[Start of Attachment]
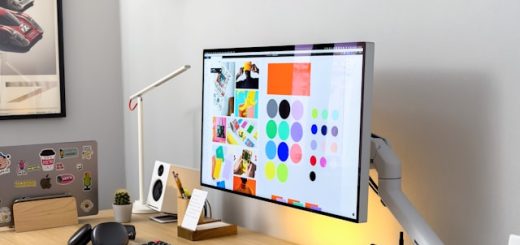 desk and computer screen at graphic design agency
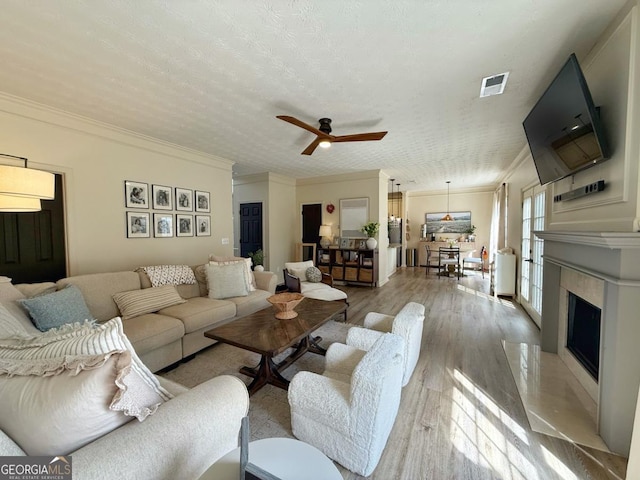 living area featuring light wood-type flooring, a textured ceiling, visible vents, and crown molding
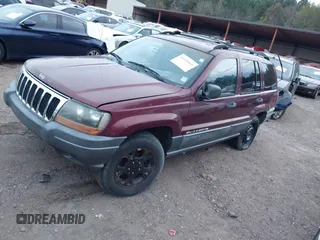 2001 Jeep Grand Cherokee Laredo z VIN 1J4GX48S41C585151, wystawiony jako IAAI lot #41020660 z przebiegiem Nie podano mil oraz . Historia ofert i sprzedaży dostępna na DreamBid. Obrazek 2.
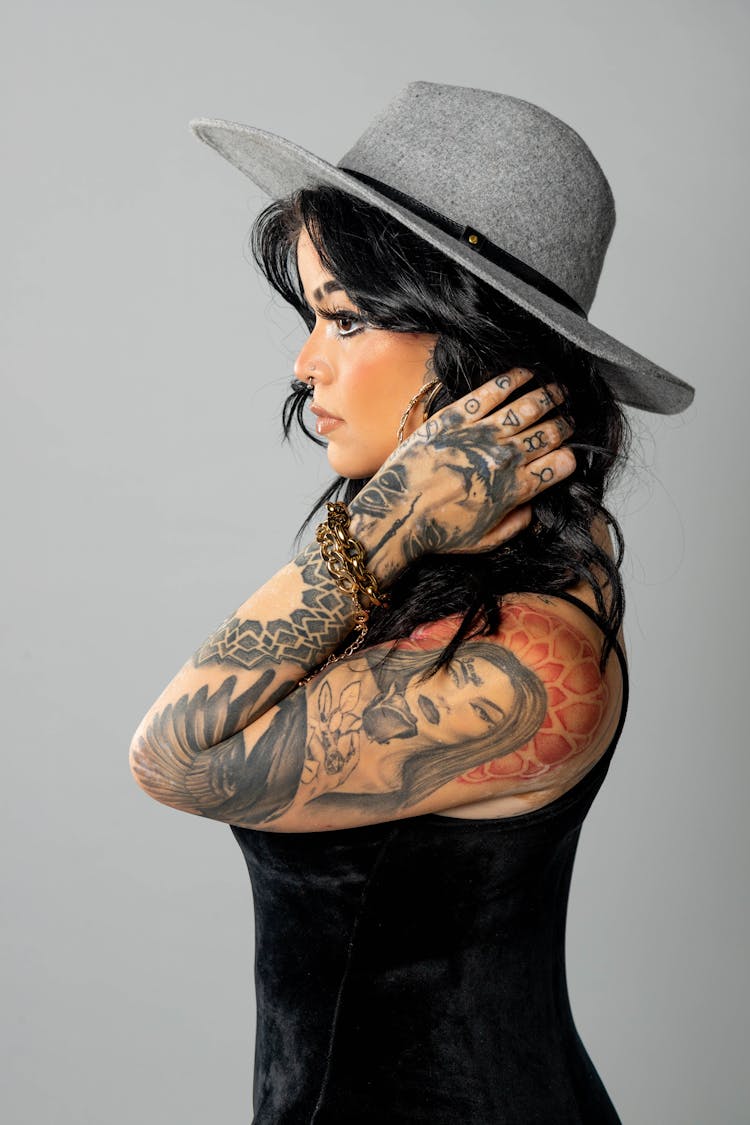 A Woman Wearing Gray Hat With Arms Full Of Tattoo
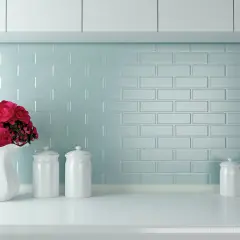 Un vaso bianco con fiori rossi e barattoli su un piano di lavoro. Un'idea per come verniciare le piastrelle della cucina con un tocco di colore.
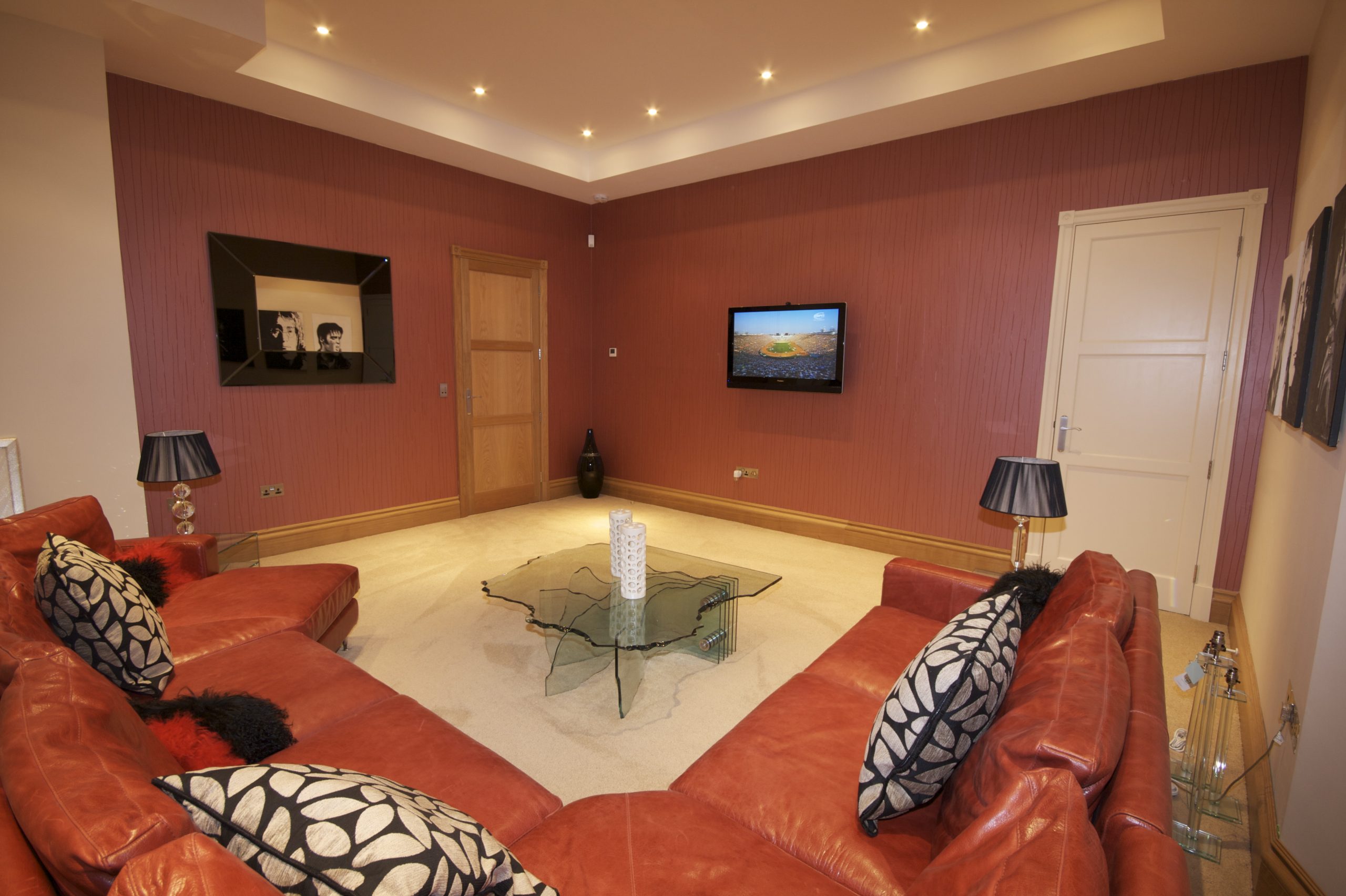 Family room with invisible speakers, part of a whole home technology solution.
[End of Attachment]
[Start of Attachment]
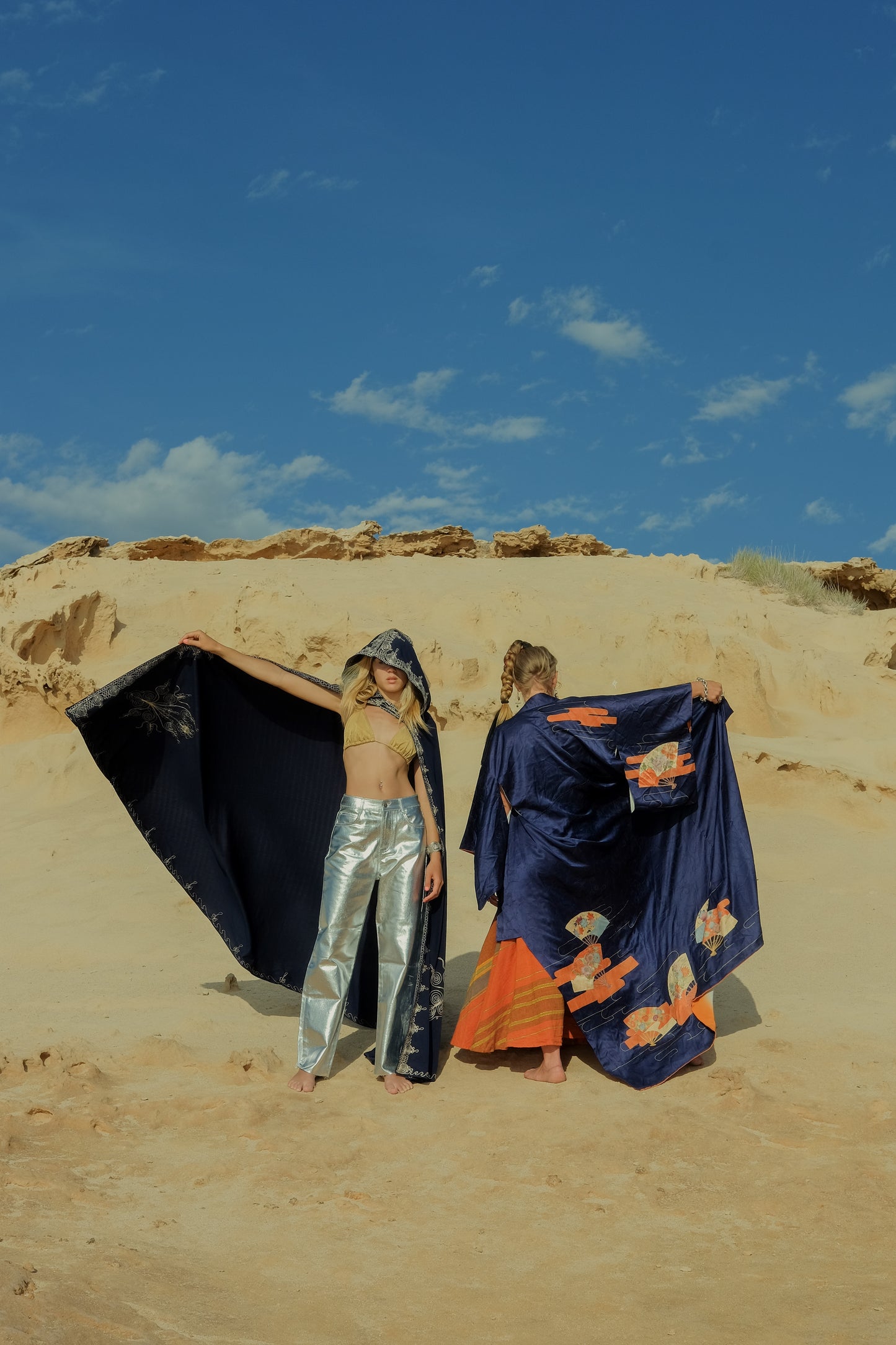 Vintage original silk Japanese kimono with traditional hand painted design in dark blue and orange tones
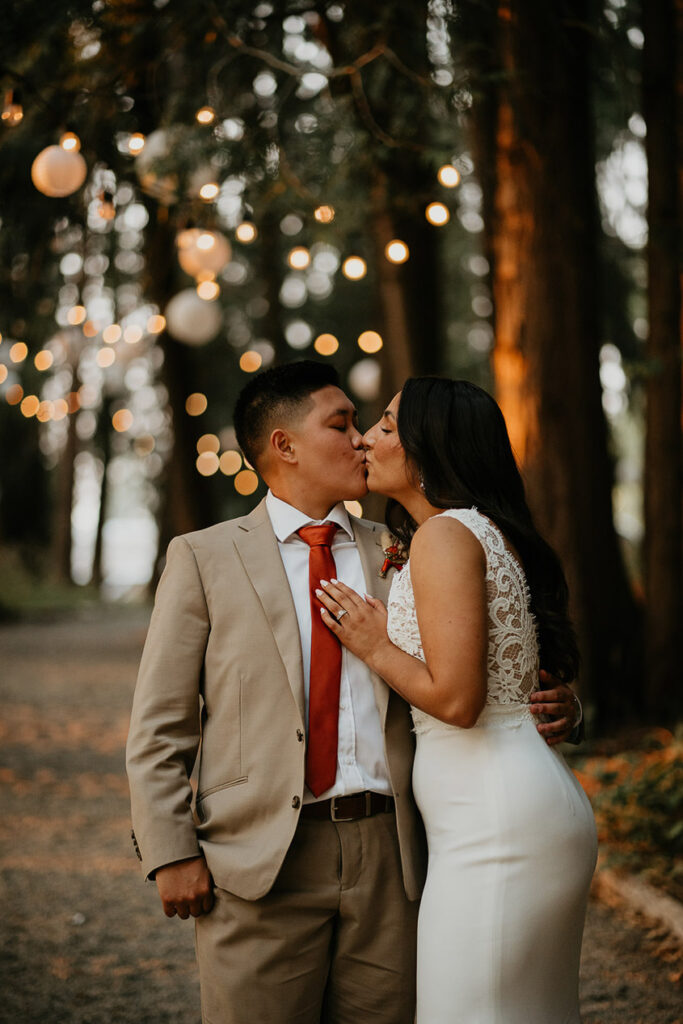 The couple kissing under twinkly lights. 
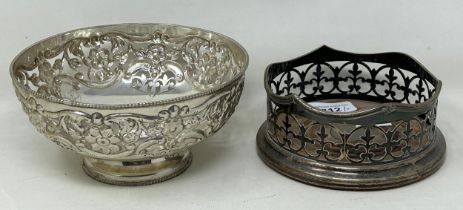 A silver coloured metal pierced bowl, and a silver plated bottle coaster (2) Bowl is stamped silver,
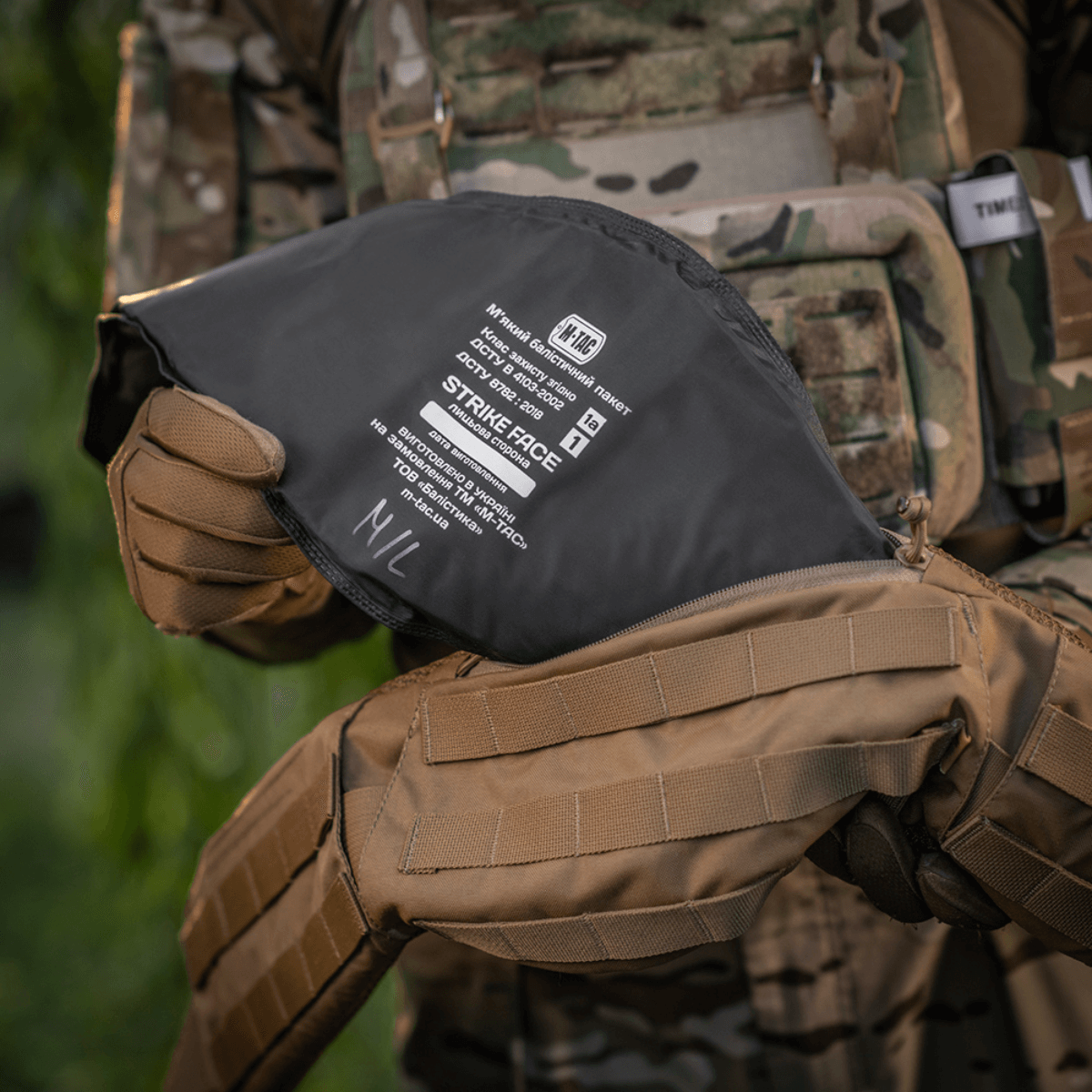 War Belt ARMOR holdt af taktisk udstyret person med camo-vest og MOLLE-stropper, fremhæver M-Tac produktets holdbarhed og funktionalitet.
[End of Attachment]
[Start of Attachment]
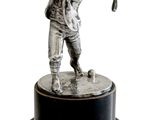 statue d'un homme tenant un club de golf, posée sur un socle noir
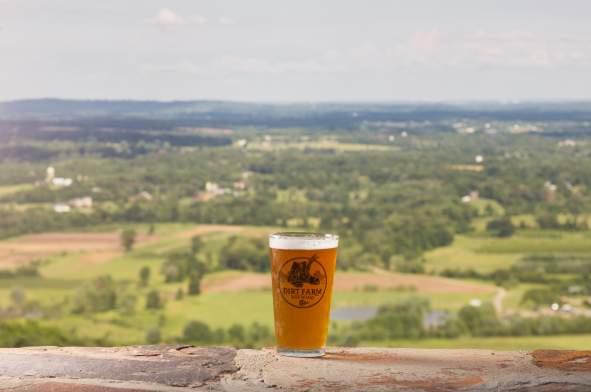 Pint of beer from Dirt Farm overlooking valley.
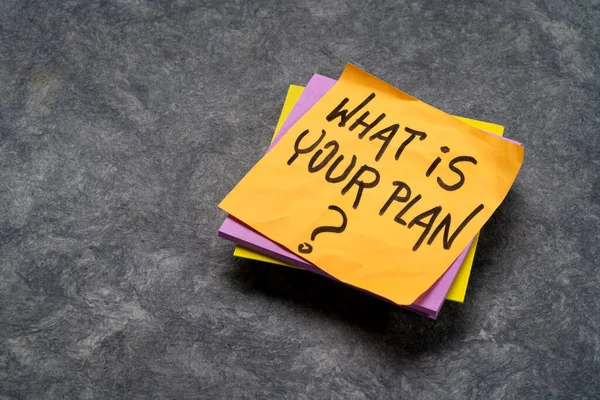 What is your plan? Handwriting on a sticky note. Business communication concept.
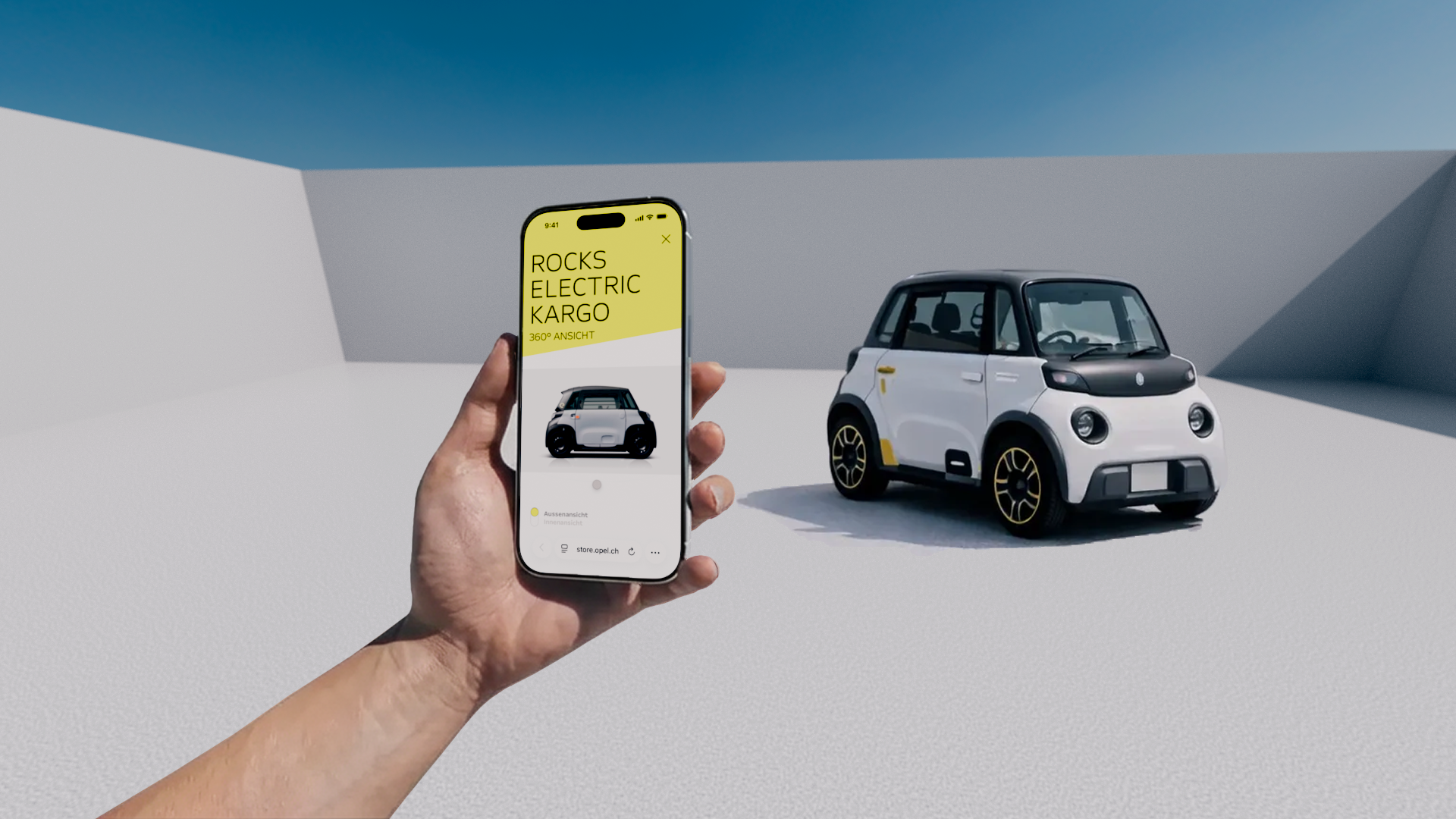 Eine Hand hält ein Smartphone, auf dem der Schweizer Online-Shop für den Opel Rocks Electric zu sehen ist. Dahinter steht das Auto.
[End of Attachment]
Nothing but the lines above from the line with "desk and computer" up to and including the line with "Family room with" should be returned, exactly as written and without pictures.

 desk and computer screen at graphic design agency
 living area featuring light wood-type flooring, a textured ceiling, visible vents, and crown molding
 2001 Jeep Grand Cherokee Laredo z VIN 1J4GX48S41C585151, wystawiony jako IAAI lot #41020660 z przebiegiem Nie podano mil oraz . Historia ofert i sprzedaży dostępna na DreamBid. Obrazek 2.
 A Woman Wearing Gray Hat With Arms Full Of Tattoo
 Un vaso bianco con fiori rossi e barattoli su un piano di lavoro. Un'idea per come verniciare le piastrelle della cucina con un tocco di colore.
 Family room with invisible speakers, part of a whole home technology solution.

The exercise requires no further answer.